# cayenne pepper



## SUNDAY-FUNDAY (Apr 17, 2008)

about to yank the boat out for some general maintenance and new stuff: getting ready for the 09 season. since this is the first boat ive owned with bottom paint, this will be my first rodeo with the sanding/painting. ive heard many swear by mixing in cayenne with your bottom paint. how much per gallon? and just some general feedback on this method would be greatly appreciated.


----------



## Xanadu (Oct 1, 2007)

At $200 plus per gallon for bottom paint, I think it'll work without putting cayenne in it. I know it does for me and I wouldn't take the chance of it being detrimental to the paint.


----------



## hebegb (Oct 6, 2007)

http://en.wikipedia.org/wiki/Capsaicin





good info, and especially "Pure capsaicin is a hydrophobic, colorless, odorless, crystalline to waxy compound."



waxy = paint failure



also



Pest deterrent



Capsaicin is also used to deter pests.

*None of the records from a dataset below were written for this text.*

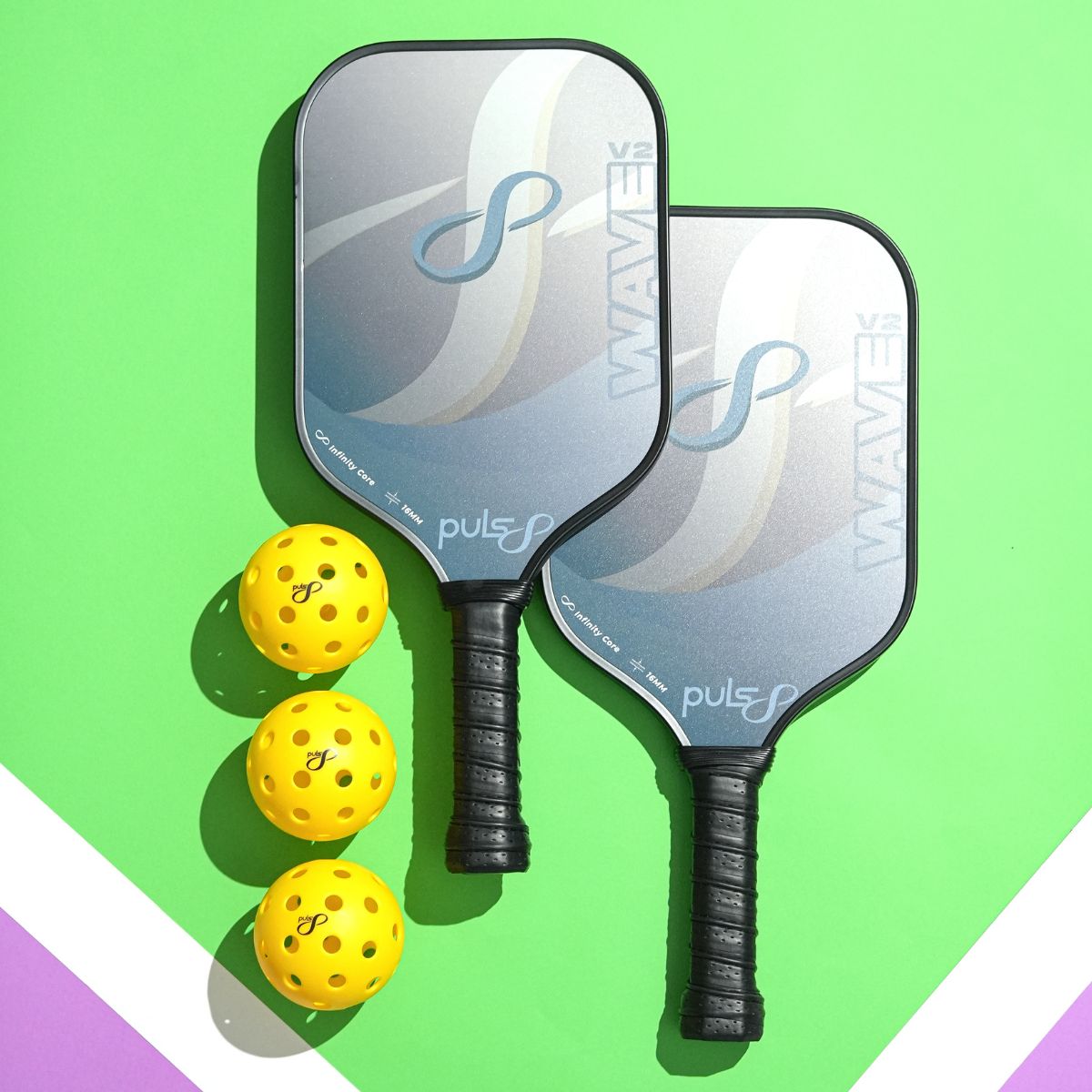 Puls8 Wave V2 Burnt Charcoal Pickleball Paddle Set (2 Paddles + 3 Balls)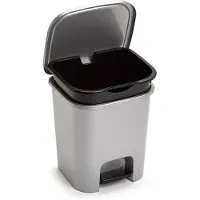 PlasticForte vuilvisbak Pedaalemmer - zilver - 7,5 liter - 24 x 22 x 25 cm - kunststof - afval - Pedaalemmers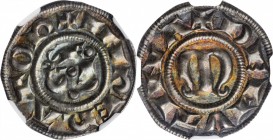 ITALY. Modena. Grosso, ND (1226-93). Frederick II. NGC MS-62.
MIR-615; Biaggi-1586. Weight: 1.33 gms. A sharply struck little coin with beautiful, ra...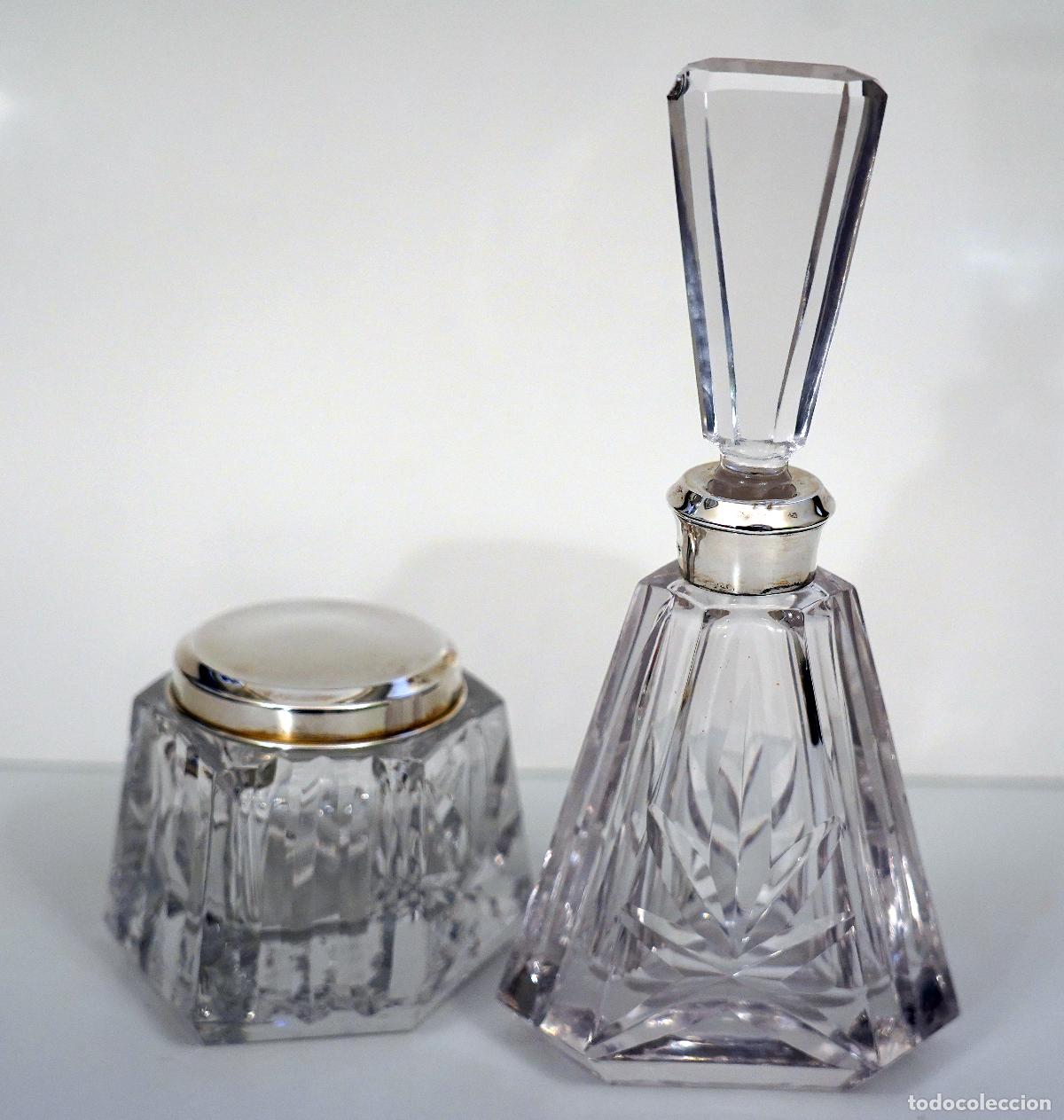 Antig&uuml;edades: frasco y tarro de cristal tallado - Foto 1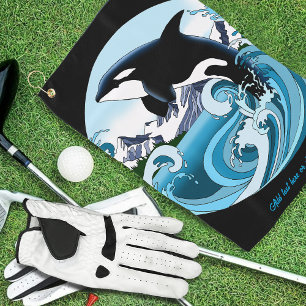 Majestic Orca Killer Whale Blue Waves Ocean Golf Towel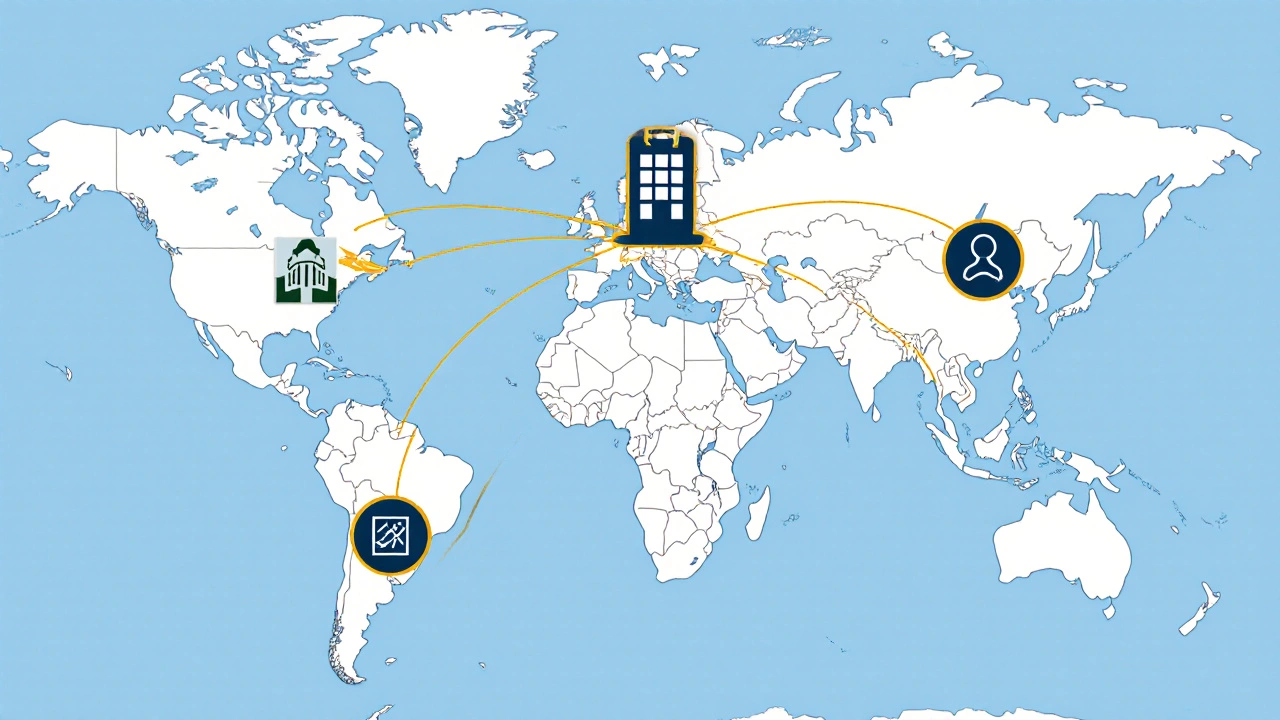 Global map with golden connections leading to Minnesota&#039;s accredited hospitals.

A common example is the use of ground-up or crushed dried chili pods in birdseed to deter squirrels, since birds are unaffected by capsaicin. Insects that feed on pepper, most aquatic organisms (most notably sharks), and related plants are also unaffected.


----------



## SUNDAY-FUNDAY (Apr 17, 2008)

yea, i thought it seemed kinda strange myself. but, ive heard it from about 10 different guys that have been captains for years. they swear it gives them another year or two in between re-paints. who knows?


----------



## Midnight Run (Oct 2, 2007)

just mix it with paint that is going up instide the sea chest dont mix it with all the rest it will make the bottom feel like sand paper. We put about a half of a normal size contanier of it in the paint inside the sea chest. It works very well keeping the growth up in the sea chest to a minium. But just remember when ya paint the bottom to put one coat on then do your final coat and take a brush and run over the last coat and make the lines run from bow to stern so you minimize the drag.


----------